* Work request
If a line below falls between the line with "So what is actually" and the line with "Are we ready?", or is one of those two, output it exactly; output nothing else and no pictures.

* Data for this task
::::::::

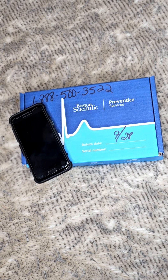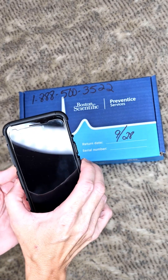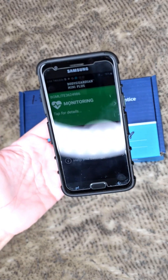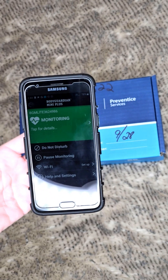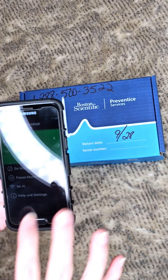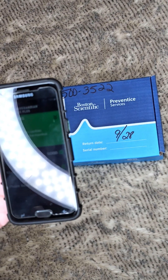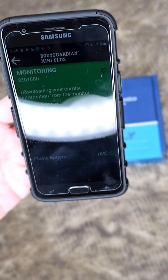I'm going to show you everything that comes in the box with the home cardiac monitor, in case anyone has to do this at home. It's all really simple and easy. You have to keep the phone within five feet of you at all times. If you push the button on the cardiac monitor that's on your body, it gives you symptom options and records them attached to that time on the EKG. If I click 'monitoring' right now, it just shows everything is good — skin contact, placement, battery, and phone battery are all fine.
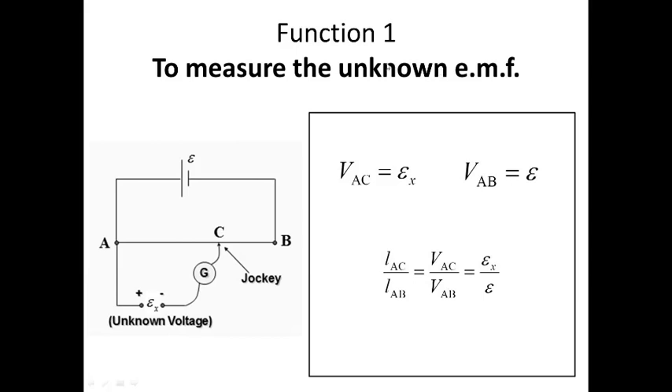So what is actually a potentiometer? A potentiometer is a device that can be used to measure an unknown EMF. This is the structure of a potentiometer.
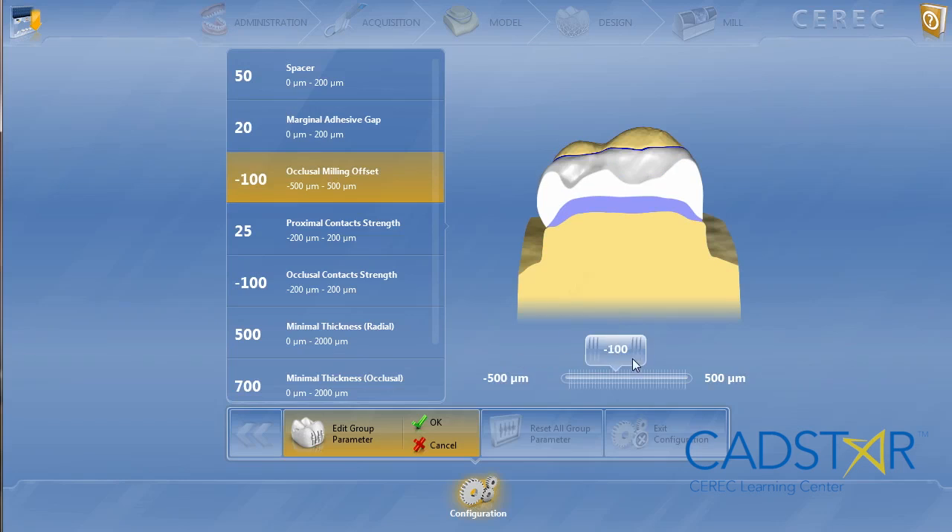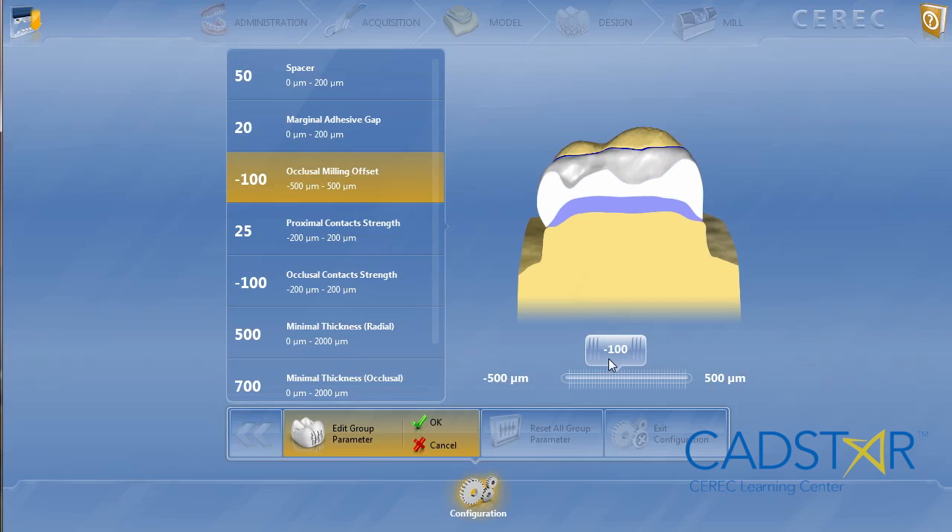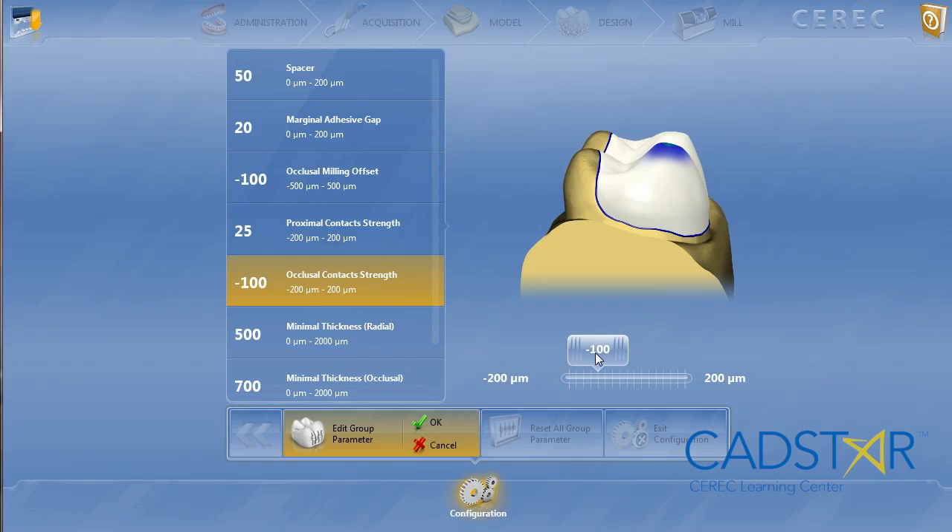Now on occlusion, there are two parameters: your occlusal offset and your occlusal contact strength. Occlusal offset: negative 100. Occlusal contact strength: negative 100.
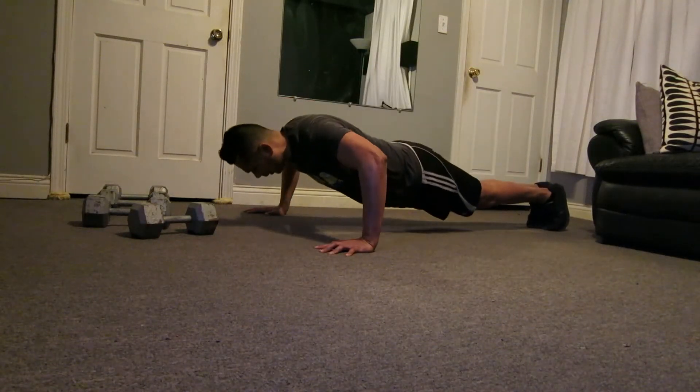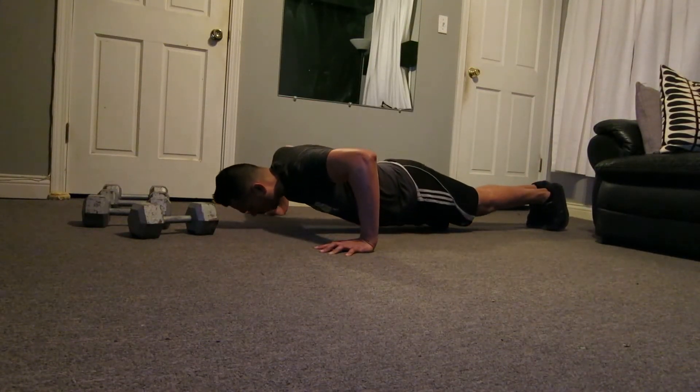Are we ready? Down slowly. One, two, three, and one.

::::::::

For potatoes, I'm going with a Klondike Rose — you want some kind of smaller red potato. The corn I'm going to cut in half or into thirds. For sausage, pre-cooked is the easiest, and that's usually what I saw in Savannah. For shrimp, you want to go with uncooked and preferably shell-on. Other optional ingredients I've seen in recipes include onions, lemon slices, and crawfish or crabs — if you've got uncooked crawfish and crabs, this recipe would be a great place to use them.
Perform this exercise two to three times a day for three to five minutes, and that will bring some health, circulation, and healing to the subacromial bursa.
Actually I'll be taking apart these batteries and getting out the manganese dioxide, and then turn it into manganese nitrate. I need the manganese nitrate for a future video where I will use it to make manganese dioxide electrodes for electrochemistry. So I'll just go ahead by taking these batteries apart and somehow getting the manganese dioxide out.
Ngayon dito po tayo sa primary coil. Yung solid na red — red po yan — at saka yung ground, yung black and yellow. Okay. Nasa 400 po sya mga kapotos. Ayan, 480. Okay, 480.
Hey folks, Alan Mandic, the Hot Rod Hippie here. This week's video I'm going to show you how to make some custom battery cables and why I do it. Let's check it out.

::::::::

* Answer space
So what is actually a potentiometer? A potentiometer is a device that can be used to measure an unknown EMF. This is the structure of a potentiometer.
Now on occlusion, there are two parameters: your occlusal offset and your occlusal contact strength. Occlusal offset: negative 100. Occlusal contact strength: negative 100.
Are we ready? Down slowly. One, two, three, and one.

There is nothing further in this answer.